■ Work task:
Once you reach the line with "Muffins de dos", copy it and every line after it exactly, up to the end of the data. Omit the pictures.

■ Given information:
★ ★ ★

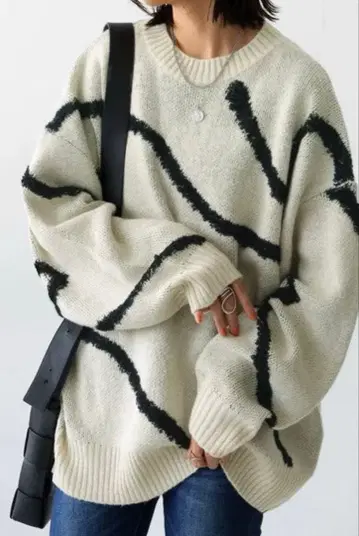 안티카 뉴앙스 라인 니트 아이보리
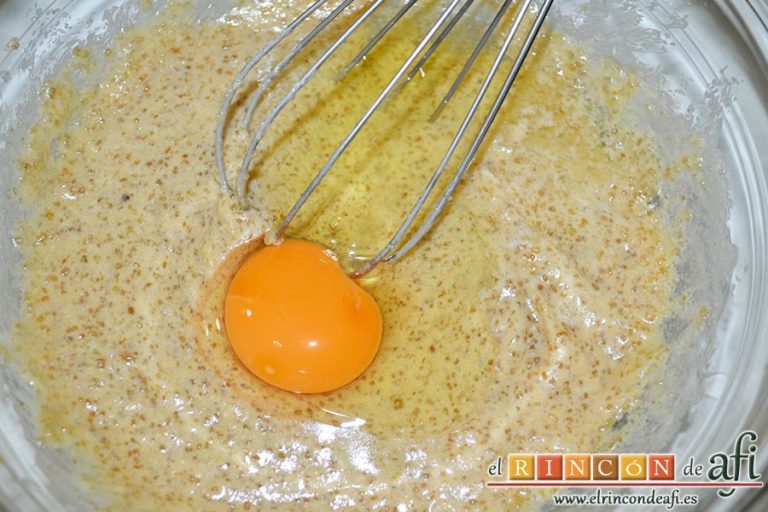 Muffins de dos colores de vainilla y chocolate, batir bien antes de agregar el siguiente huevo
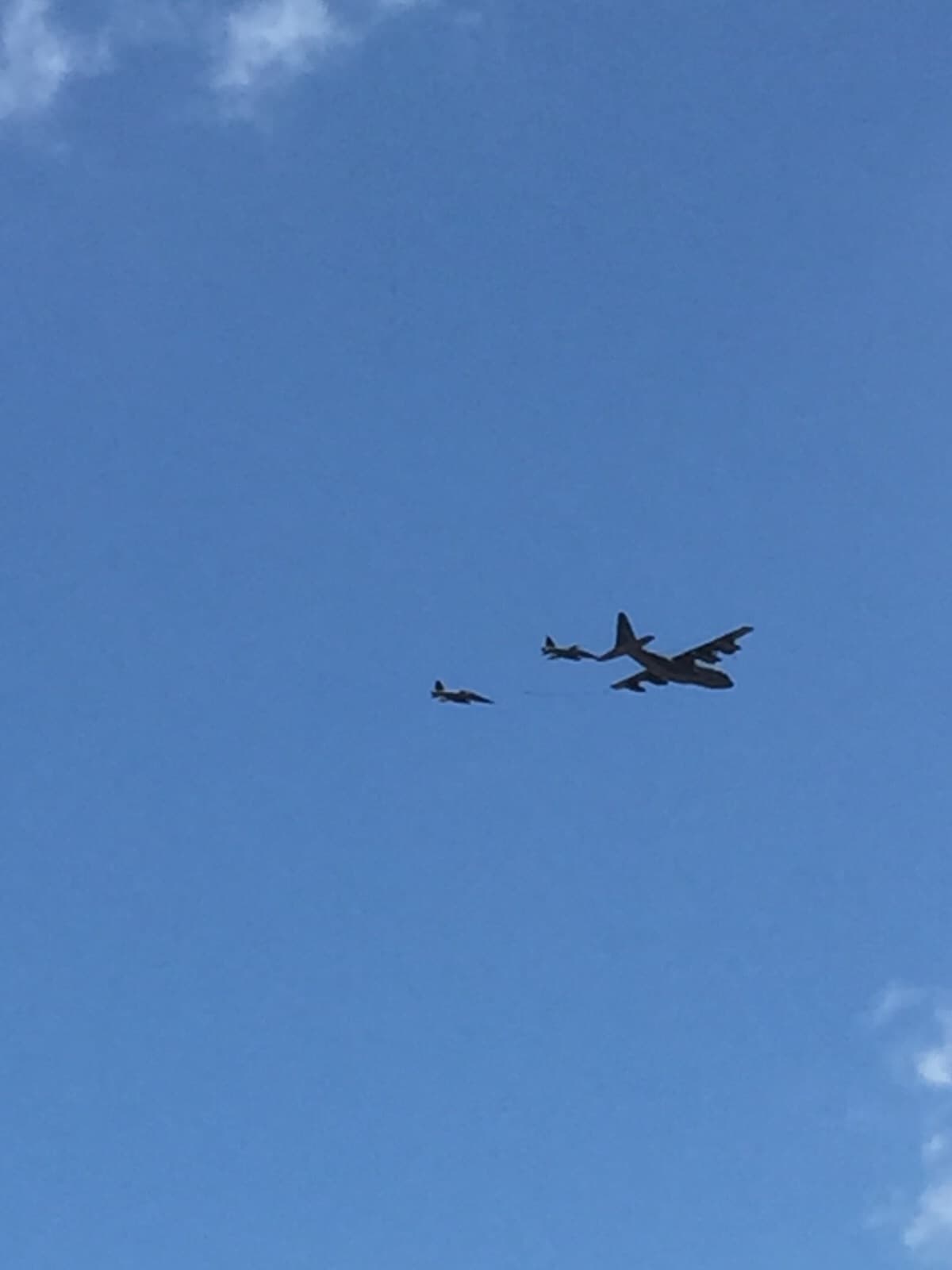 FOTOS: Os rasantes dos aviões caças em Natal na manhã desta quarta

★ ★ ★

■ Task solution:
 Muffins de dos colores de vainilla y chocolate, batir bien antes de agregar el siguiente huevo
 FOTOS: Os rasantes dos aviões caças em Natal na manhã desta quarta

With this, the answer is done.